日本初の水中ドローン開発・製造メーカー・株式会社空間知能化研究所(以下「空間知能化研究所」)は、総額1.9億円の資金調達を実施したことを8月21日(月)に発表した。2017年秋から水中ドローン「SLIDER」 のレンタルサービスを、来春には国内外の消費者に向けた同商品の販売を開始する予定だ。

 空中知能化研究所は、水中を探査するドローンの開発・製造を手掛ける筑波大学発のベンチャー。日本初の水中ドローン専用メーカーだ。筑波大学第三学群工学システム学類を卒業し、 ロボティクスの開発に重要な3領域、 メカ・回路・組込みソフトウェアを一気通貫で開発できる技術バックグラウンドを持つ伊藤 昌平(代表取締役)と、 センサー、 クラウドシステムの専門家であり筑波大学教授の中内 靖(取締役会長)が2014年に共同創業した。

 水中の撮影・探索は手軽に実施できるとは言い難い状況にある。潜水士が業務で潜行できるには約40メートルであり、より深くもぐる場合には操作が難しく高価な「遠隔無人探査機(ROV)」が必要となる。更に、日本国内では近海の石油産出が少ないことから、水中探査機を開発する会社がほとんど存在せず、探査機器や調査価格は高止まりしている。

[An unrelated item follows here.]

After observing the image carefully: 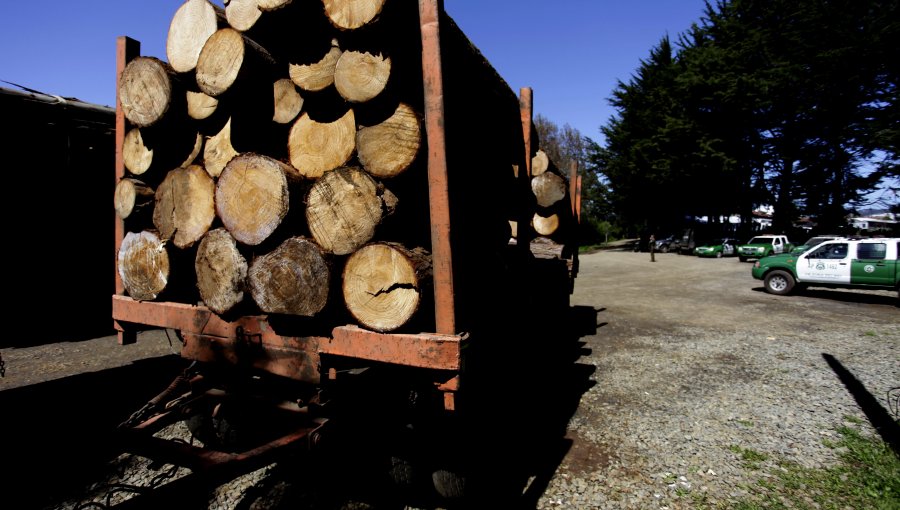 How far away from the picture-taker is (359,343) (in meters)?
2.39

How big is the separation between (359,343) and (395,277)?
17.4 inches

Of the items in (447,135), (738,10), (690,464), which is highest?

しかし、昨今ダムや港湾等の水中インフラ長寿命化を見据えた維持・管理の機運が高まっており、手軽な水中探査機の必要性が高まってきているのだ。

そんな中、空中機能化研究所の開発する水中ドローンは、 本格的な潜行性能(300m)、 鮮明な画像取得に必須となる姿勢制御機能を持ちながら、 小型・軽量・低価格に抑えることを実現。 従来のROVを利用した場合にかかる導入・運用コストを数分の一に削減することを可能にしている。

 空中機能化研究所は、リードインベスターであるBeyond Next Venture株式会社、三井住友海上キャピタル株式会社およびSMBCベンチャーキャピタル株式会社が運営するファンド、ならびにフリービットインベストメント株式会社を引受先とする総額1.9億円の資金調達を実施。これにより、今後拡大が見込まれる水中インフラの維持・管理市場に向けて、業務用水中ドローンの普及促進に力を入れていく方針だ。今回の資金調達に伴い、2017年に11月には水中ドローン「SPIDER」のレンタルサービスを、来春には同商品の販売を開始することを予定している。

 「SPIDER」は 8つのスラスターを持ち、 船上のPCとテザーケーブル1本で接続される。操作はゲームパッドで行う。 300mの潜行性能を持ち、 バッテリ駆動で約4時間の稼働が可能だ。 最大の特徴はソフトウェアにあり、 深度・姿勢を自動で維持できる機能や、 画像処理による機体の位置保持機能を実装している。 そのため、 これまで困難だった潮流等の水の流れがある環境での調査をより簡単に実施することが可能になる。

 空中知能化研究所は、「現在は、 市場ニーズの高い水深300mまで潜行可能な水中ドローンの普及に専念していますが、 将来的にはさらなる深海まで探査可能な製品の開発を行います。」と述べ、自社の水中ドローンの普及の拡大、そして開発への意欲を表明している。